The CEO of Renew Holdings, the Leeds-based engineering services group with divisions across energy, infrastructure an environment, has hailed a “strong set of results” for the year after completing an acquisition which is set to strengthen its work across the UK’s rail networks.

The firm has reported a 9.6% rise in adjusted operating profit, from £28m to £31m. However, its group revenues dipped from £545m to £541m in the year to 30 September 2018, while pre-tax profits slipped to £14m from £19m.

Net debt at the year-end was £21.4m (2017: net cash £3.9m) reflecting the £80m acquisition of specialist rail contractor QTS in May – of which £45m was raised through a placing. The deal was the firm’s largest ever acquisition and strengthens the Group’s position in the rail market.

Engineering Services, which accounts for over 85% of Group revenue and 95% of operating profit, focuses on the key markets of Energy (including Nuclear), Environmental and Infrastructure, which are largely governed by regulation and benefit from non-discretionary spend with long-term visibility of committed funding.

 Paul Scott, CEO, told TheBusinessDesk.com this morning that although the rail contracts had flattened during the year, that had been expected during 2018. However, both Renew and QTS have been successful in winning places on frameworks which begin in April 2019 which will mean that the company works on seven of the eight rail networks across the country. 

“I am very pleased to be reporting a very strong set of results, driven by the engineering services division. We have focused on the quality and the opportunity.”

Of the QTS acquisition, Scott said he was so far “delighted with the contribution it had made to the group.” He added: “They are embracing the concept of being part of a larger group. It sets the foundations for what we believe is growth opportunity in the world of rail.”

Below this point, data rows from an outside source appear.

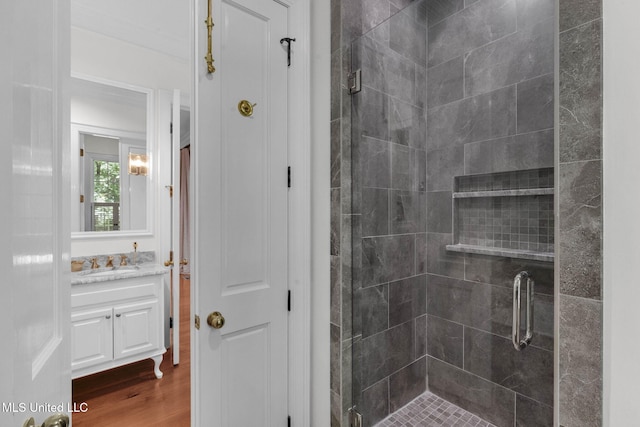 169 Pine Hill Dr, Brandon, MS 39047 - full bathroom featuring vanity, a stall shower, and wood finished floors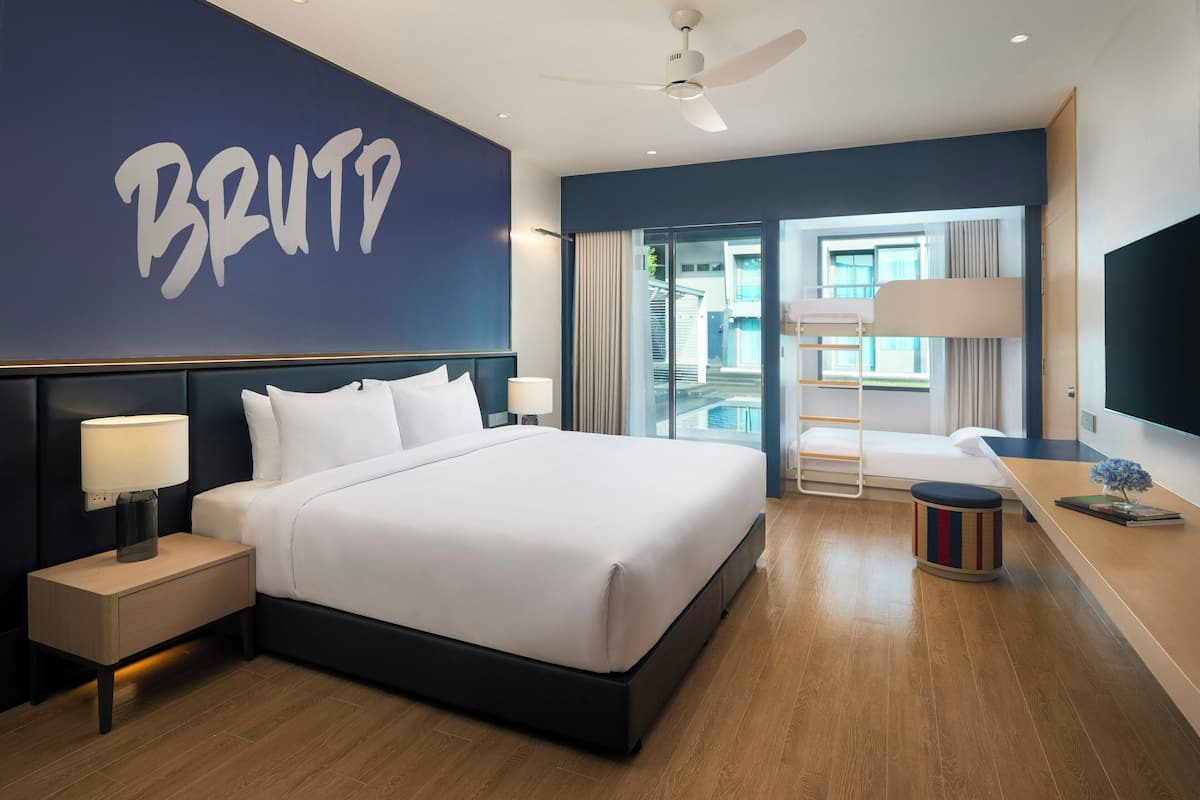 A hotel room with a bed, a nightstand, a lamp, a TV, a ceiling fan, and a view of the outside.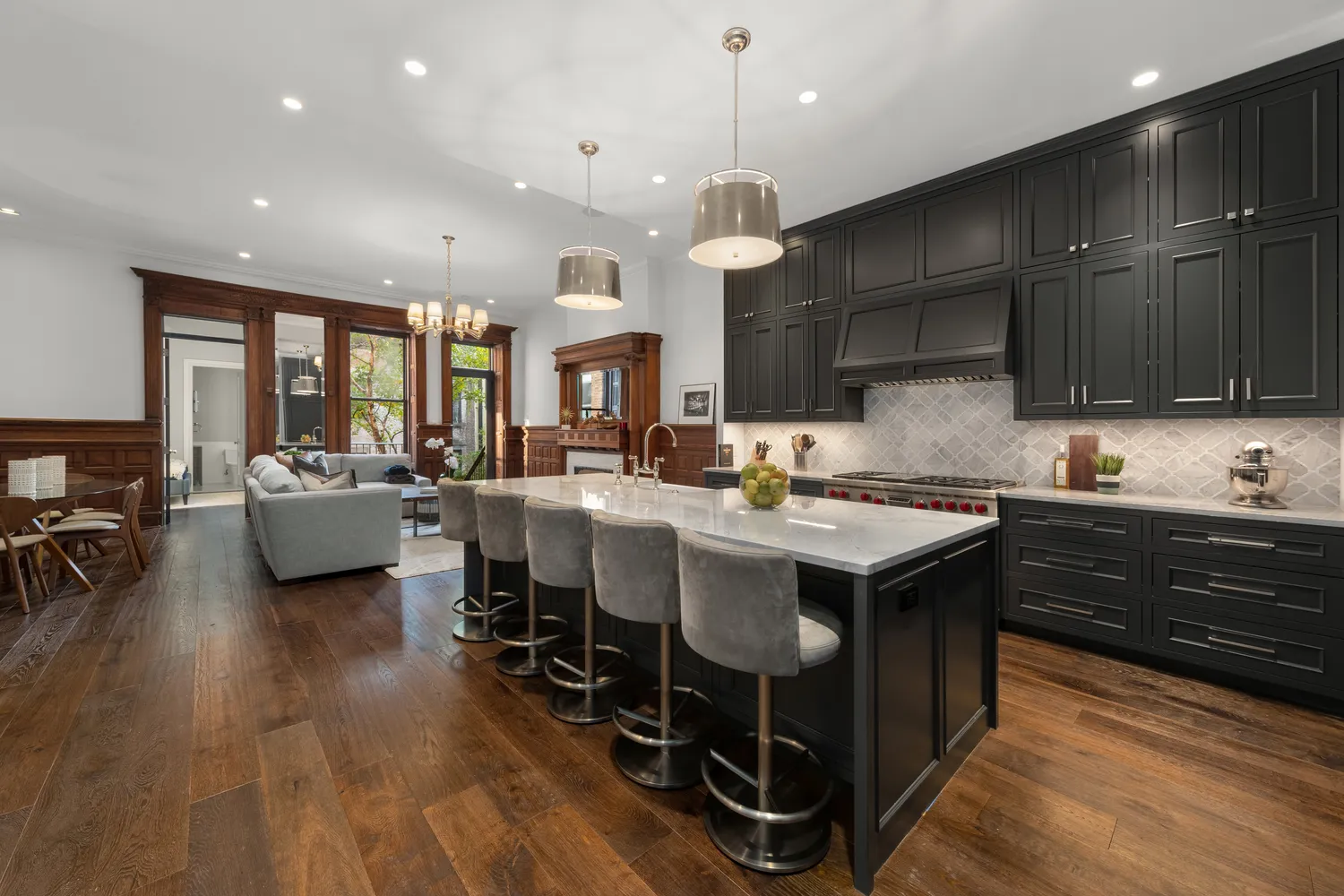 a kitchen with a stove a sink and a refrigerator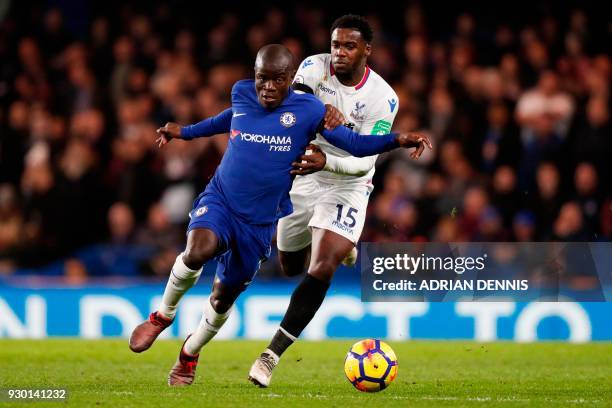 Chelsea's French midfielder N'Golo Kante takes on Crystal Palace's German midfielder Jeffrey Schlupp during the English Premier League football match...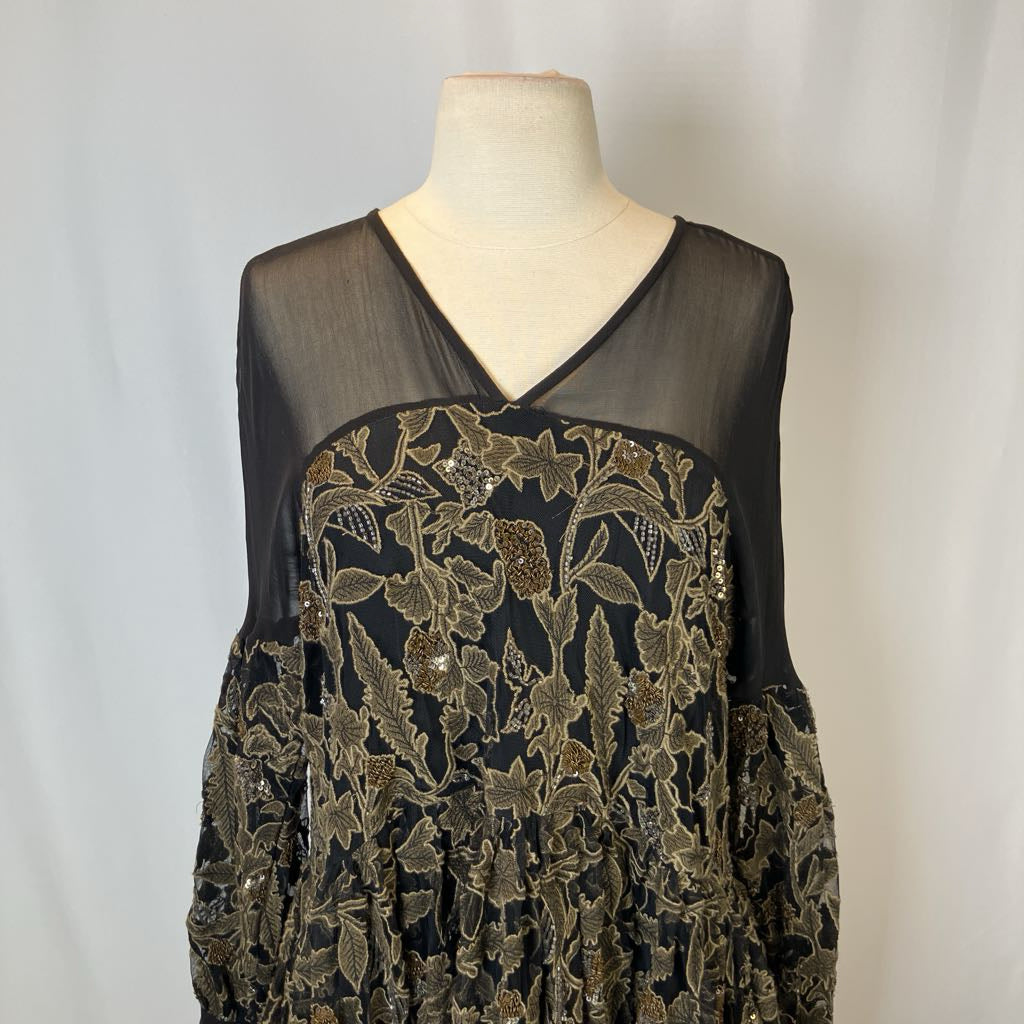 Black dress with gold embroidery on a mannequin against a white background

Scott added that there had been growth in the water and environmental sectors of the group, with the “strongest year yet” with their work with the Environment Agency, and that during the year, Renew expanded its nuclear footprint. In its coastal and river work, Renew is still working on the River Fosse barrier. While he added that the topline revenue “was a bit mixed” the firm had a solid foundations for growth.

Renew’s specialist building division, which accounts for 5% of group operating margin and focuses on high quality residential market in London and the Home Counties, saw revenues reduce to £74.2m (2017: £106.8m) and operating profit reduce to £600,000 (2017: £2.4m). At the year-end, the forward order book stood at £48m (2017: £73m). Scott said the drop showed that the group had gone from delivering three major projects in 2017 to a reduced number this year because the firm was not looking to take on risk. He added: “It is nt a reflection of the market because the opportunity is very strong., It is just not a major part of the group.”

In February, the Group made the decision to exit from its gas infrastructure activities with the disposal of Forefront, allowing management to focus on the continuing growth opportunities elsewhere in the Group.

David M Forbes, Chairman, said: “I am encouraged by another set of excellent results which demonstrates the continued progress in executing our long-standing strategy by growing the business in our chosen markets both organically and through selective complementary acquisitions. Our solid foundations allow the Board to look forward to 2019 with confidence.”

The group announced an increased dividends payment of 10p per share, up from 9p in 2017.